# Introduction

Text preprocessing is a crucial step in Natural Language Processing (NLP) that involves transforming raw text into a format suitable for analysis. This process helps improve the performance of machine learning models by reducing noise and ensuring that the data is consistent and relevant.

# Load data
Let's use the imdb movies review dataset to learn the text preprocessing. 

In [None]:
import numpy as np
import pandas as pd

In [None]:
df = pd.read_csv("/kaggle/input/imdb-dataset-of-50k-movie-reviews/IMDB Dataset.csv")

In [None]:
df.shape

In [None]:
df.sample(5)

# 1. Lowercasing

The primary goal is to convert all characters in the text to lowercase, ensuring uniformity and consistency throughout the dataset.

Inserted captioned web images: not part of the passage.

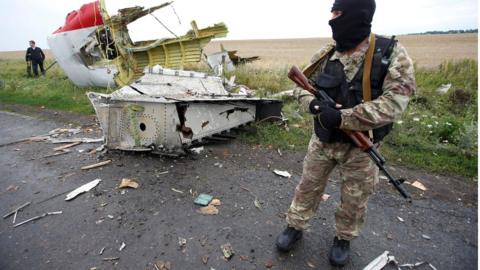 A pro-Russian separatist stands at the crash site of Malaysia Airlines flight MH17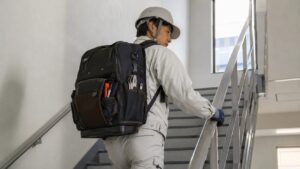 日本人作業員が工具リュックを背負って階段を移動する安全で実用的な作業風景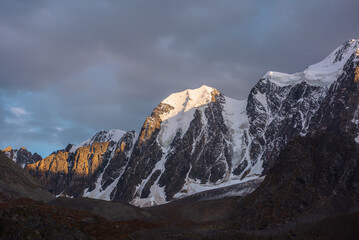 Gloomy landscape with giant snowy mountain top and sunlit gold rocks in dramatic gray sky. Huge...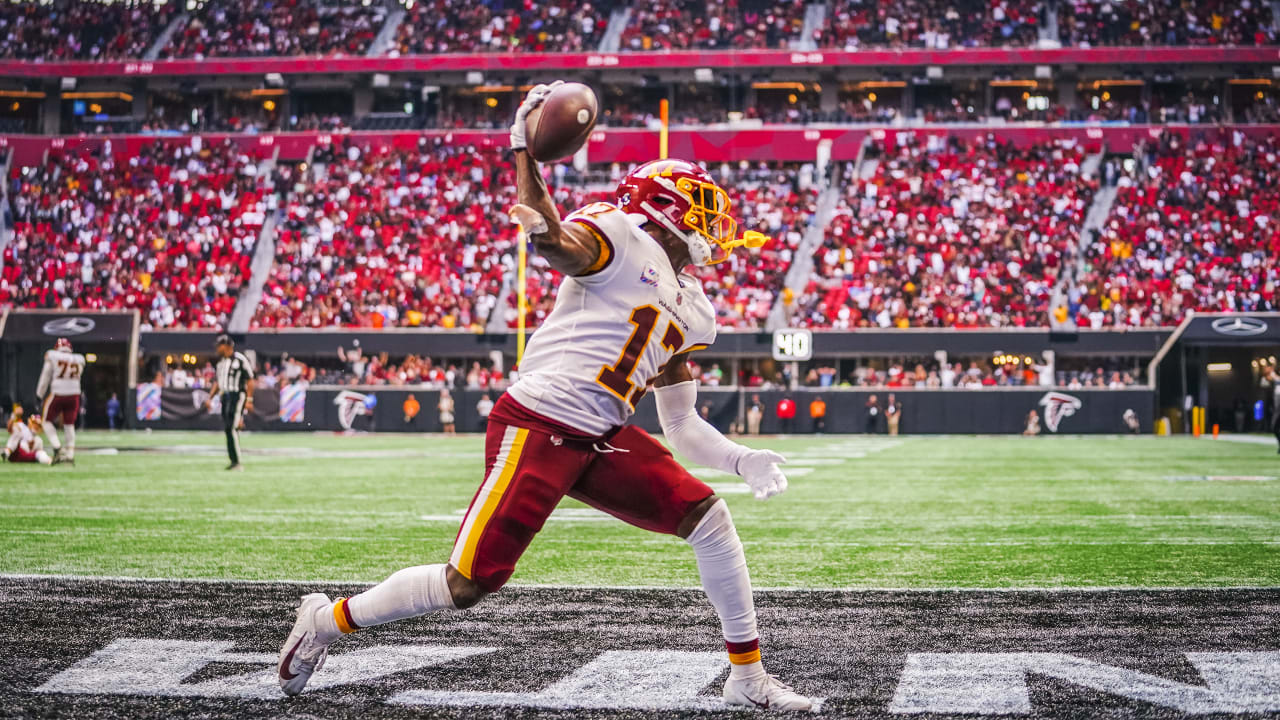 Washington Football Team wide receiver Terry McLaurin (17) spikes the ball  after scoring a touchdown during the second half of an NFL football game  against the Atlanta Falcons, Sunday, Oct. 3, 2021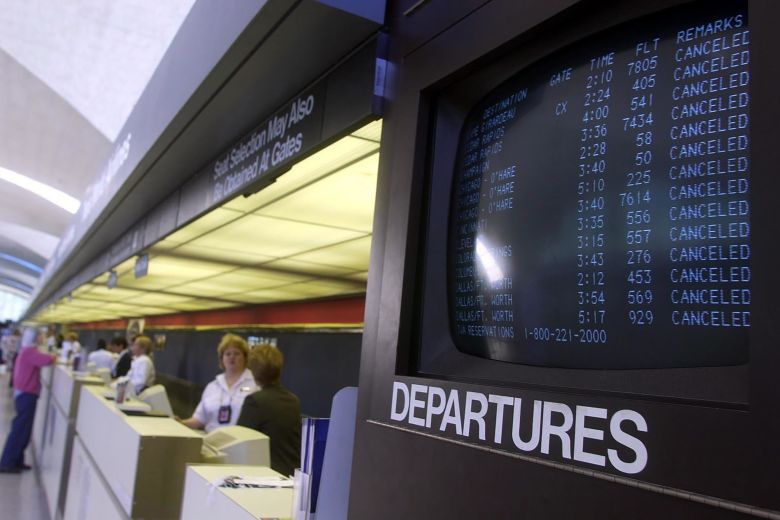 Monitors at Lambert-St. Louis International Airport indicate all flights have been cancelled.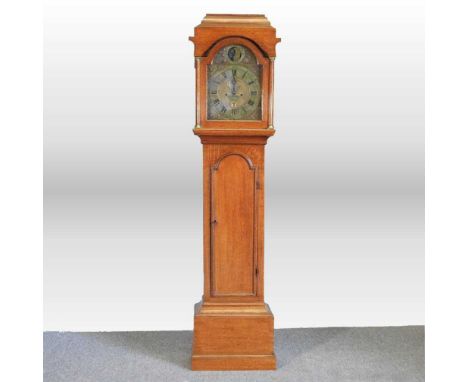 An 18th century oak cased longcase clock, the twelve inch arched brass dial signed Nat Hedge, Colchester, with tempus fugit s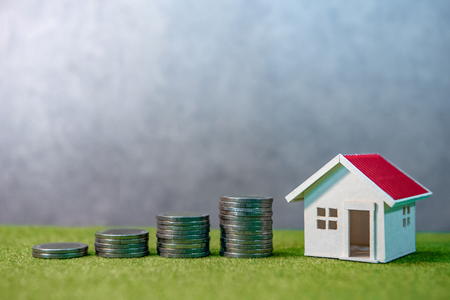 Real estate investment or Home mortgage loan rate. Property ladder concept. Coins stack, house model and table clock on green grass. Investment and business growth backgroundの写真素材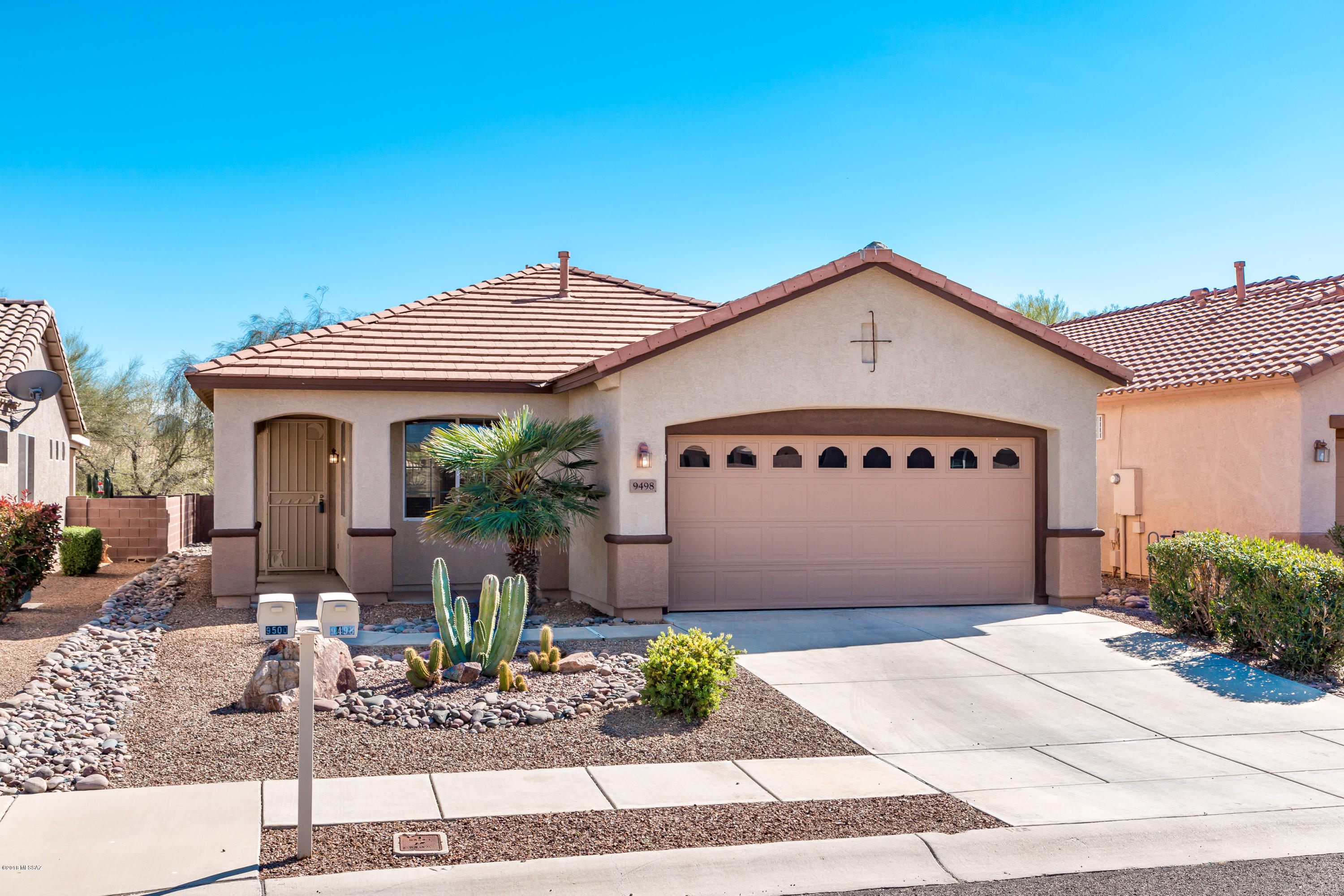 Beautiful, gorgeous and highly upgraded Sedona model home with lovely mountain views and no neighbor behind. The front entry feels thoroughly balanced and anchored by mature landscaping. This well maintained home has numerous upgrades including corian kitchen countertops, paired with a glass backsplash and stainless steel appliances. Neutral ceramic tile on floors with carpet in bedrooms. A gas fireplace pulls the living space together. Den space has pocket door, thus providing  a third bedroom option for guests. Water softener/water conditioner by EVO Clear uses no salt. Private rear patio provides  mountain views and backs  to a common area. Come by today!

This step helps eliminate variations caused by differences in capitalization, which can lead to the same words being treated as distinct tokens due to the case sensitive nature of languages like Python.

It ensures that words like "Apple," "apple," and "APPLE" are treated as the same word

In [None]:
# Sample text
text = "Hello World! I'm learning text preprocessing."

# Convert to lowercase
lowercase_text = text.lower()

print(lowercase_text)

In [None]:
df['review'][45]

In [None]:
df['review'].str.lower()

In [None]:
df

# 2. Remove HTML Tags

In many real-world applications, text data is often extracted from web pages, which can contain HTML tags. These tags are useful for structuring content but are irrelevant when processing text for NLP tasks. Removing HTML tags is, therefore, a key preprocessing step to clean the data and make it usable for text analysis.

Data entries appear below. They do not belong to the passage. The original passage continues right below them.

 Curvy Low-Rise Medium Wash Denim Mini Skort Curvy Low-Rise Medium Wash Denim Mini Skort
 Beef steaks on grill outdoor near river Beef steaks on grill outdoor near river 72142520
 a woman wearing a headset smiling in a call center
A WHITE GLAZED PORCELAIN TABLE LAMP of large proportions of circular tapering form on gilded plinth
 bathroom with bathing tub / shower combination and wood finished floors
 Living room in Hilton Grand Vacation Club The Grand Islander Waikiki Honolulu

HTML tags,don’t provide any useful information for text analysis and can interfere with the accuracy of NLP models.

Better Focus on Content: By removing these tags, we focus only on the actual text content, which helps the model capture meaningful information.

Here’s an example of raw text with HTML tags:

<p>Hello, <strong>world!</strong> Welcome to <a href='https://example.com'>NLP</a> tutorials.</p>


In [None]:
import re

def remove_html_tags(text):
    # Regular expression pattern to match HTML tags
    pattern = re.compile('<.*?>')
    
    # Replace the HTML tags with an empty string
    return re.sub(pattern, '', text)


In [None]:
html_text = "<p>Hello, <strong>world!</strong> Welcome to <a href='https://example.com'>NLP</a> tutorials.</p>"
html_text

In [None]:
cleaned_text = remove_html_tags(html_text)
print(cleaned_text)

In [None]:
df['review'] = df['review'].apply(remove_html_tags)

In [None]:
df['review']

# 3. Remove URLs

URLs, while essential for linking content on the web, typically don't contribute meaningful linguistic information for most NLP tasks, such as text classification, sentiment analysis, or language modeling. 

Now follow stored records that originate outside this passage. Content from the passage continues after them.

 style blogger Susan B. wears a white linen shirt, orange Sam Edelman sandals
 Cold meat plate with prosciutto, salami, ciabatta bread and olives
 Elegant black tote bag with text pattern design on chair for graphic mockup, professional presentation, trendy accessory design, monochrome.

Instead, they add noise and can confuse machine learning models. By removing URLs, we help the model focus on the core text, making it easier to extract patterns and meaning. 
In most cases, removing URLs enhances the overall quality and performance of NLP models, unless the task specifically requires analyzing hyperlinks.

In [None]:
import re

def remove_urls(text):
    # Regular expression pattern to match URLs
    url_pattern = re.compile(r'http[s]?://\S+|www\.\S+')
    
    # Replace URLs with an empty string
    return re.sub(url_pattern, '', text)

In [None]:
text_with_urls = "Check out my portfolio at https://example.com or visit www.example.org for more details."
print(text_with_urls)

In [None]:
cleaned_text = remove_urls(text_with_urls)
print(cleaned_text)

In [None]:
# if there are any links in our dataset, let's remove that
df['review'] = df['review'].apply(remove_urls)

In [None]:
df['review']

# 4. Remove Punctuation

Punctuation is often irrelevant in many NLP tasks, so removing it helps in simplifying the text. 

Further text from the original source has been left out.